**Exercise**. Reproduce only the lines that begin at the line with "a backyard of a house with table and chairs" and run to the end of the entries; omit every picture.

(Image-text web data)
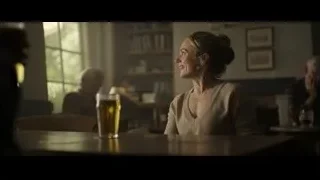 Woman sitting at table with beer in dim room — F1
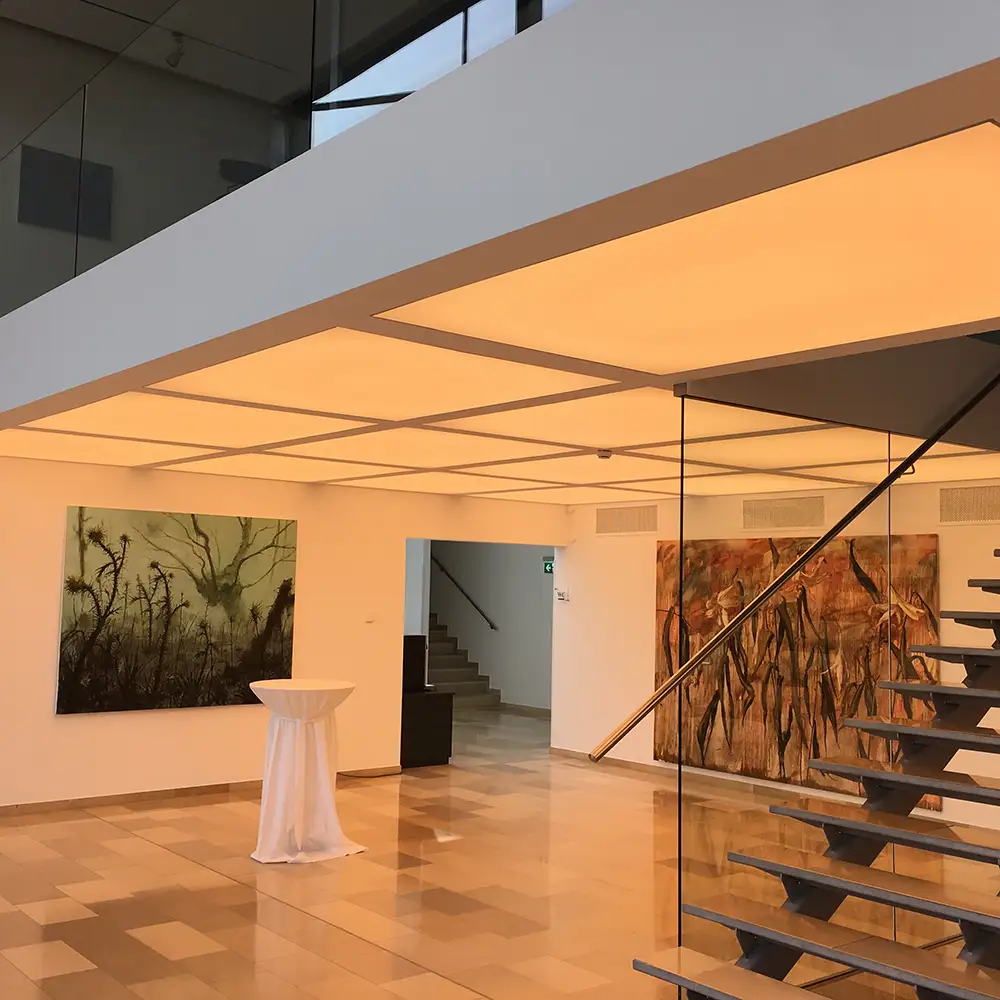In einer Ausstellung wurde als Beleuchtung eine Lichtdecke in warmweiß in Feldern aufgeteilt und an den Boden angepasst.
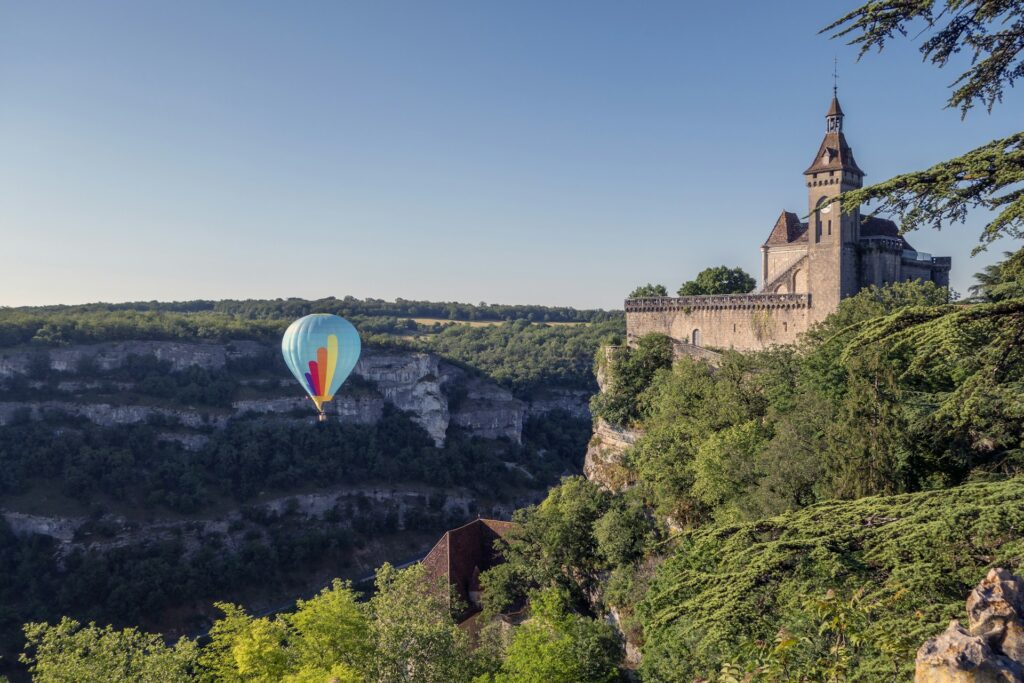 Montgolfière survolant Rocamadour et le canyon de l'Alzou au lever du soleil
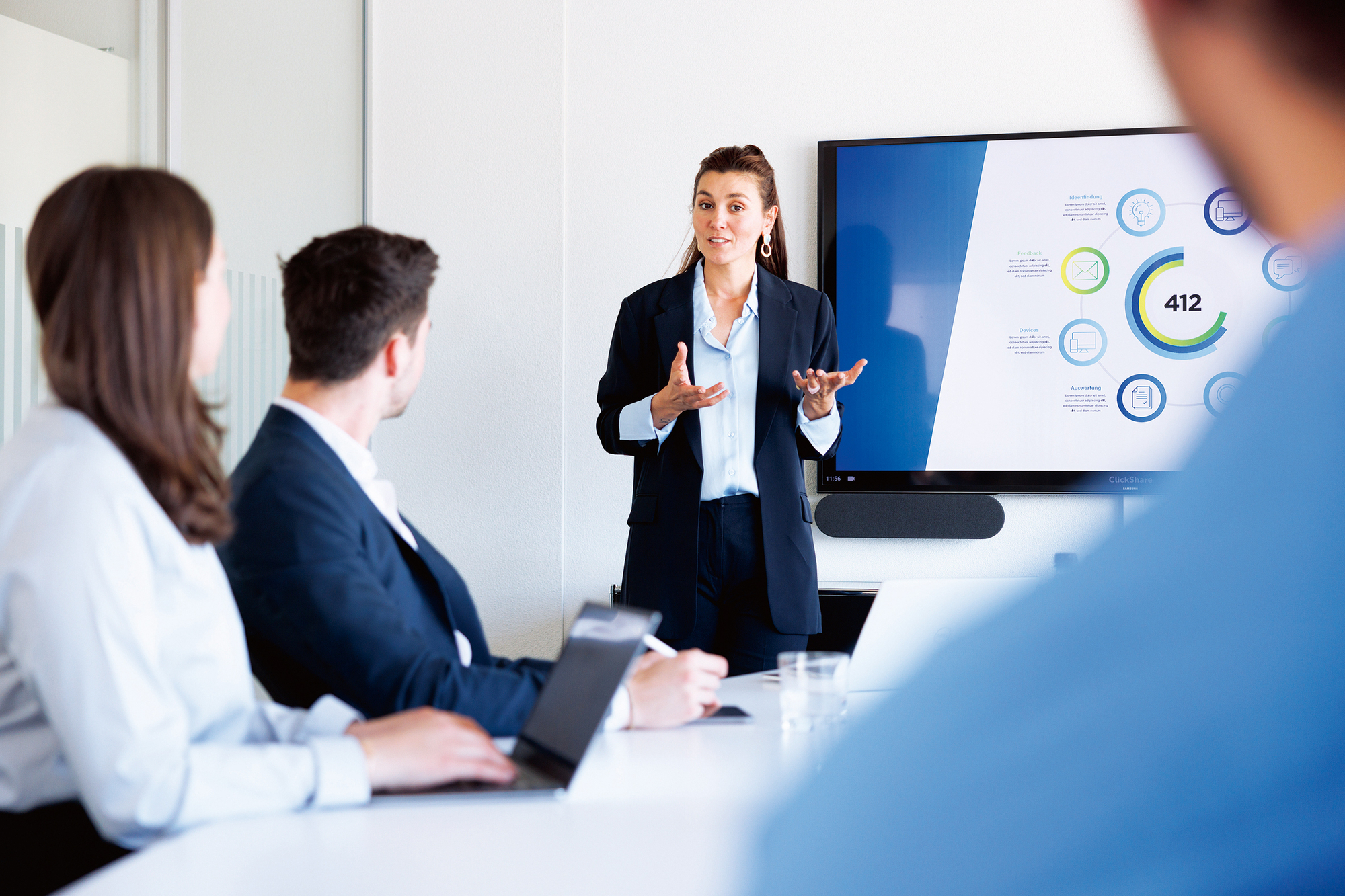 Eine Frau hält ein Meeting vor 3 anderen Personen.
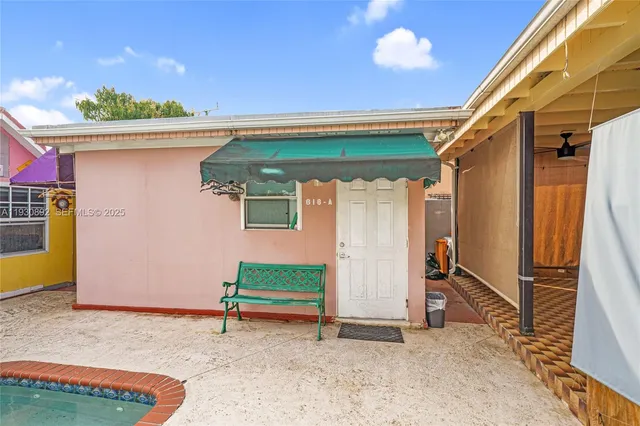 a backyard of a house with table and chairs
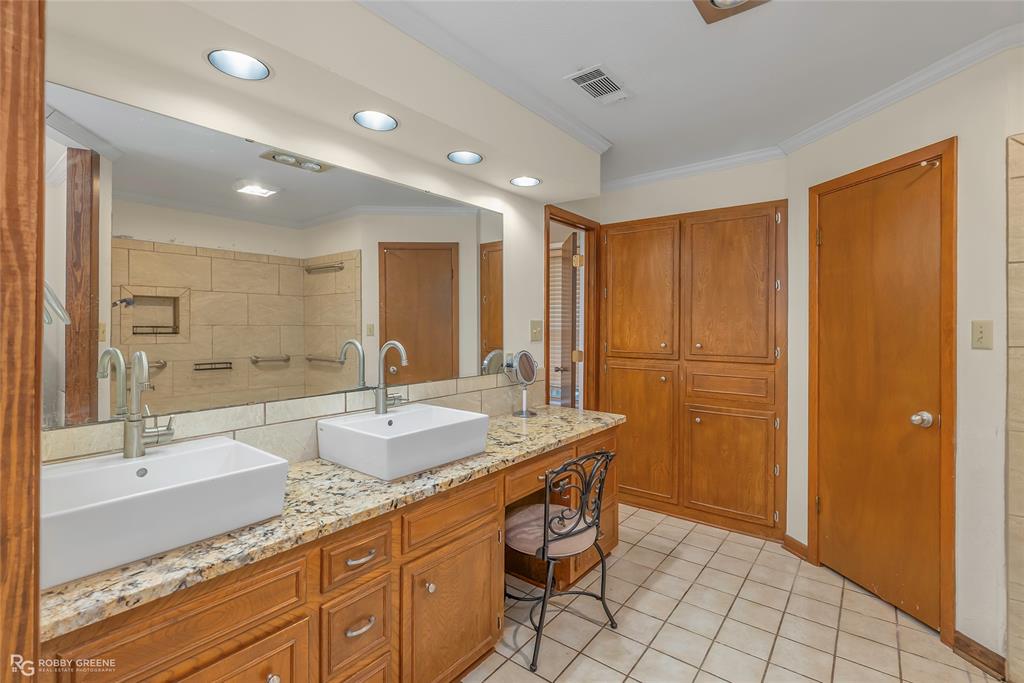 169 Fulbright Circle Minden, LA 71055 - Photo 28 of 38 a bathroom with a granite countertop sink mirror and double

**Your response**.
 a backyard of a house with table and chairs
 169 Fulbright Circle Minden, LA 71055 - Photo 28 of 38 a bathroom with a granite countertop sink mirror and double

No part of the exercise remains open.